Closed soumith closed 8 years ago
hjk41 wrote:
+1 for mxnet. Dynamic GPU memory allocation does have a big impact on performance. A simple memory allocator can significantly reduce the overhead. A smarter allocator which reuses blocks with best-fit can almost eliminate the overhead completely.
Hi mxnet guys, the title of this thread is 'Benchmark TensorFlow' ;-) I think you could create a new issue to request mxnet, using https://github.com/soumith/convnet-benchmarks/issues/new
[edit: looks like Soumith has created an issue for mxnet here: https://github.com/soumith/convnet-benchmarks/issues/68 ]
I was curious about the performance of Tensorflow using CUDA 7.5 and CUDNN 7.0. I modified the build to use them and rebuilt source. I then ran @soumith benchmark scripts for alexnet and overfeat.
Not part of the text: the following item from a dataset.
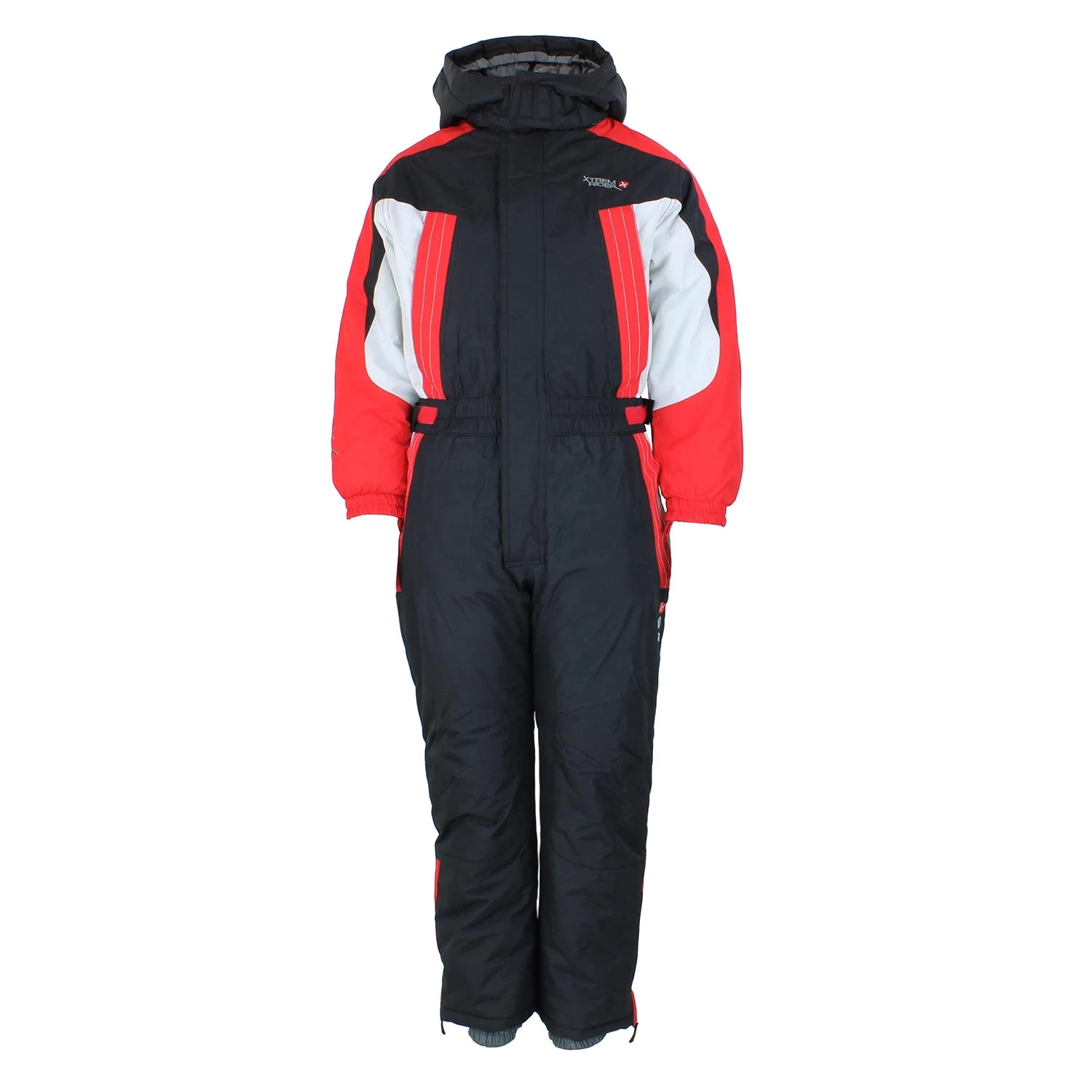Combinaison De Ski Garçon EPLEM38 Noir/rouge 1 Combinaison De Ski Garçon EPLEM38 Noir/rouge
My PC is getting old (Intel Core 2 quad), 16 GB RAM, NVIDIA Titan X, Ubuntu 15.04 x86_64
Alexnet: forward/backward 290ms, forward 78ms. (1.12x improvement for f/b) Overfeat: forward/backward 1040ms, forward 264ms (1.04x improvement for f/b).
So not much of a speedup by only swapping the CUDA libraries.
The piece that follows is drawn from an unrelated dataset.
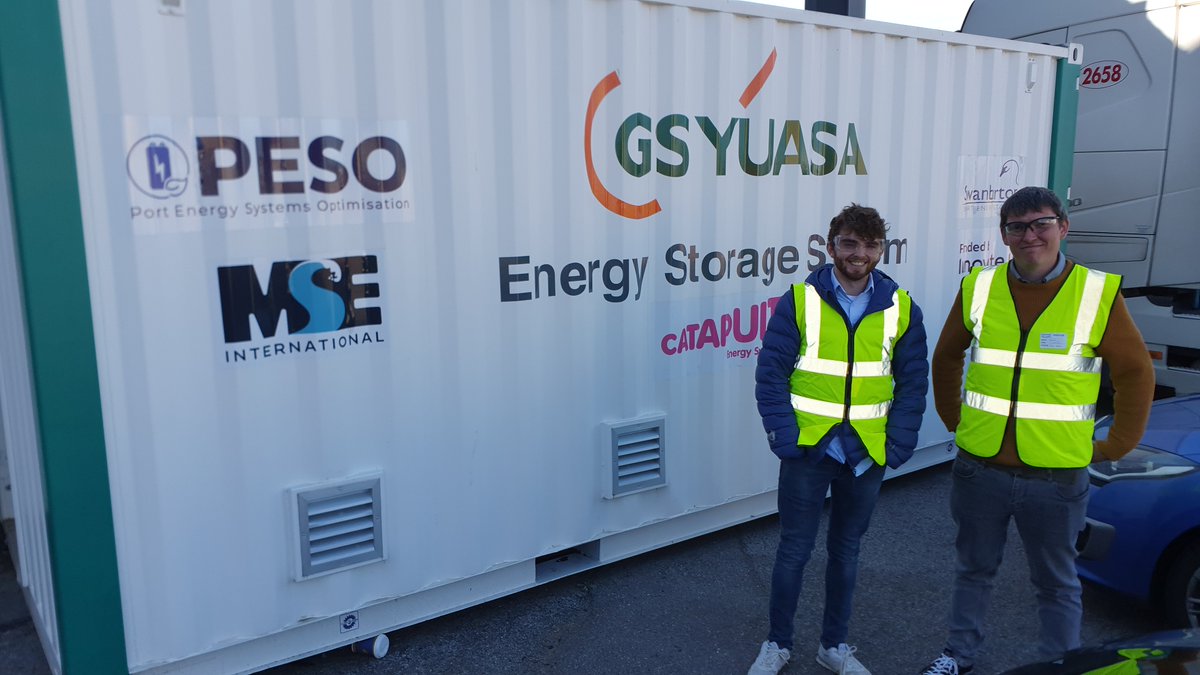 Swanbarton's tweet photo. @transportgovuk issued new consultation on providing  shoreside electrical power to docked vessels with shutdown engines .  https://t.co/DQnbboGt55 Links well with our local energy systems project at  @PortsmouthPort @MarineSouthEast    @robertcourts. https://t.co/sGhNIW9o5k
@soumith, one thing I did notice is that your benchmarks for Caffe are quite different from what I got using CUDA 7.5. I think the benchmarks you used are with CUDA 7.0, right?. When I ran your "run_imagenet.sh" script on my setup, I got much better results. Alexnet: forward/backward 171ms, forward 41ms ( 1.89x improvement for F/B) Overfeat: forward/backward 601ms, forward 133ms ( 1.37x improvement) Googlenet: F/B 624ms, F 174ms ( 3.1x improvement)
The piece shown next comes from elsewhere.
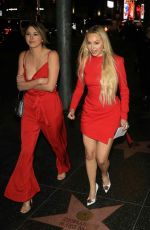 CORINNE OLYMPIOS Leaves Father Figures Premiere in Hollywood 12/13/2017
It's not clear to me if CUDA 7.5 is supported for Caffe, but in https://github.com/BVLC/caffe/wiki/Installation, they provide 7.0 and 7.5 Docker images. However, in the main installation instructions they say to use 7.0
I attached the log files for his benchmarks running on my PC.
Tensorflow:
tensorflow_alexnet.txt tensorflow_overfeat.txt
Caffe:
output_alexnet.txt output_googlenet.txt output_overfeat.txt output_vgg_a.txt
@soumith Thanks for an invaluable community service!
Nice!
@soumith Thanks you.
@soumith Thank you for benchmarking!!
@scott-gray Sorry to spam @soumith's TF discussions, but when I last played with integer division via magic number mul-and-shift on GPU, the performance I got (on K40 though) was about the same as straightforward division by unsigned int32; the compiler seemed to have strength reductions that it performed in this case. However, there was lower register usage, so using this technique in a kernel that actually does other things (like transposition) would probably help. This was at the SASS level on CUDA 6.5? though.
https://github.com/facebook/fbcuda/commit/d5c8b38b4071b0151b27293a67b27c3868a0f948
The compiler does a good job when the constant is known in advance. Was it your case?
Nice! Thank you @soumith
@wickedfoo The advantage of calculating the magic numbers manually is that the divisor is typically parameterized and so the compiler can't compute magic numbers ahead of time. So it then falls back to to using the floating point rcp operator and doing a bunch of corrections to make up for the potentially shorter mantissa of float (23 vs 32 bits).
To do an integer division and modulus with magic numbers reduces to just this code:
// j = jrst / RST
// rst = jrst % RST
int j = jrst * magic_RST; j >>= shift_RST;
int rst = jrst - j * RST;
If you know all those numbers fit in 16 bits you can use vmad from ptx or sass. That looks like this:
VMAD.U16.U16 j, jrst, magic_RST, RZ;
SHR.U32 j, j, shift_RST;
VMAD.U16.U16 rst, -j, RST, jrst;
Otherwise your multiplications are going to expand out to 3 XMADS each, regardless of the datatype used. It would be nice if the compiler was a little smarter about multiplication by using the minimal number of instructions for the given data types.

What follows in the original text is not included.